Pat Metheny presented almost three hours of great music with two versions of his Unity Group.
David Bazemore

At the Lobero on Wednesday, guitarist Pat Metheny showed why he’s become one of the most respected and influential musicians in contemporary jazz. While never leaving his core strength as a player behind, Metheny has struck out in a number of innovative directions, including the invention of an extraordinary, one-of-a-kind music-making machine, the orchestrion, and bringing to contemporary jazz inflections derived from modern classical and world music. This lineup for this incarnation of his Unity Band includes not only original Unity members Chris Potter (saxophones, flute, and guitar), Antonio Sanchez (drums), and Ben Williams (bass), but also Giulio Carmassi, an Italian multi-instrumentalist, on piano, voice, and several other small instruments.

Metheny began the concert alone onstage improvising on an (admittedly very fancy) acoustic guitar. One would think it nearly impossible to create something distinctive within a genre as ubiquitous as the solo acoustic improv, but for Metheny at least, the opposite is true. He started off striking a few familiar chords, just like every solo acoustic guitar improviser you’ve ever heard, but within a few bars he had the sold-out crowd entranced. Metheny’s ideas flow so steadily that his music feels inevitable. His playing makes a connection to the room that’s as direct and intimate as breathing. When the band finally came on and Potter stepped forward with his bass clarinet, he signified the impending arrival of a program full of unexpected choices in instrumentation. Potter is a full partner with Metheny in this Unity project, proving to be every bit the equal creative force that Lyle Mays was in the original Pat Metheny Group.

What came next was stellar — truly one of the most impressive displays of sustained musicianship that I have witnessed at the Lobero in any genre. Metheny played continuously for nearly three hours without flagging, repeating himself, or taking a break. With this project, he essentially has two separate Unity bands, even though they share four of five members, and, as Metheny told the enthusiastic crowd, “This way, we open for ourselves.”
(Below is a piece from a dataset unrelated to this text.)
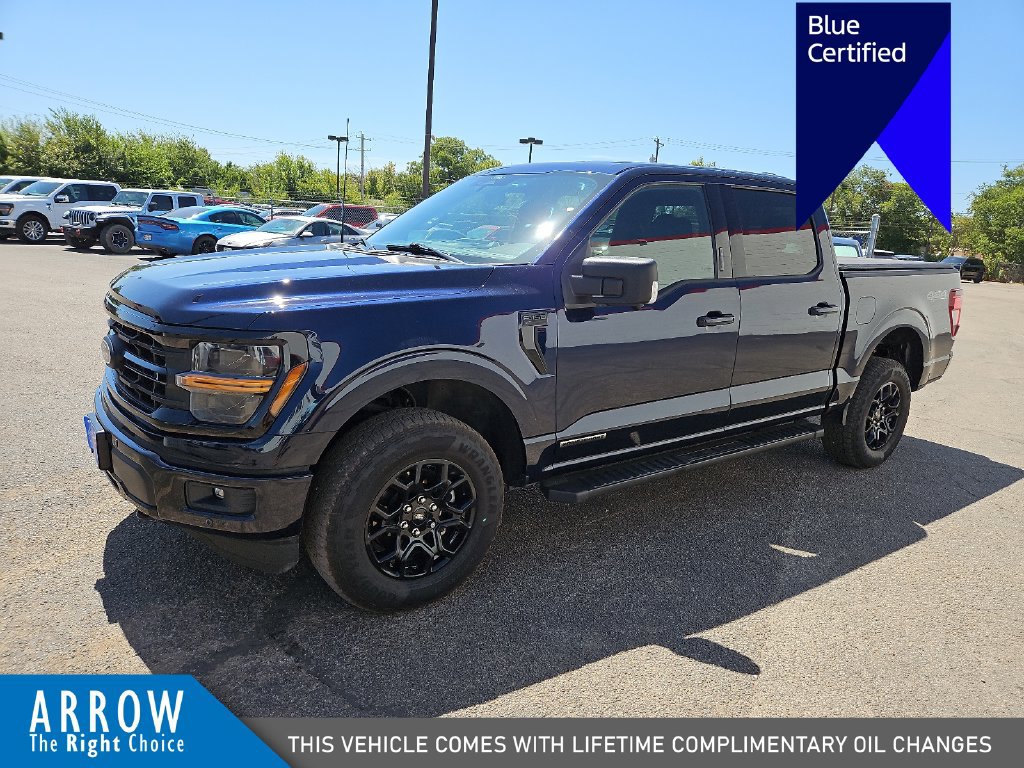 Certified 2024 Ford F150 XLT w/ Equipment Group 302A MID AWD/4WD image 5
The sets, which blended directly into one another, were composed of nearly complete renditions of the material on each of the two Unity Group albums. But that’s not all, because in addition to Carmassi, who joined the group at the midpoint of the concert to explore the music he created with them on the most recent Unity Group album, Kin, there was another prominent player on the stage: Metheny’s orchestrion. This digital/analog, acoustic/electric music machine is a spectacularly idiosyncratic robot orchestra, and it may very well be Metheny’s most inimitable contribution to music. In this setting, mostly relegated to a supporting role, the orchestrion functioned primarily to frame the players’ lively interplay within a grid of repetitious musical minimalism, alternately adding dense layers of polyrhythm and delicate curtains of sonic texture to the group’s main themes. Ultimately, and despite the knotty postmodernism of Metheny’s Unity Group-era writing, the overall impact of the evening was one of purity and grace. Potter and Metheny have a magnificent rapport, every bit as compelling as any of the great jazz pairings, and they are playing their hearts out in this grand and thoroughly satisfying ensemble.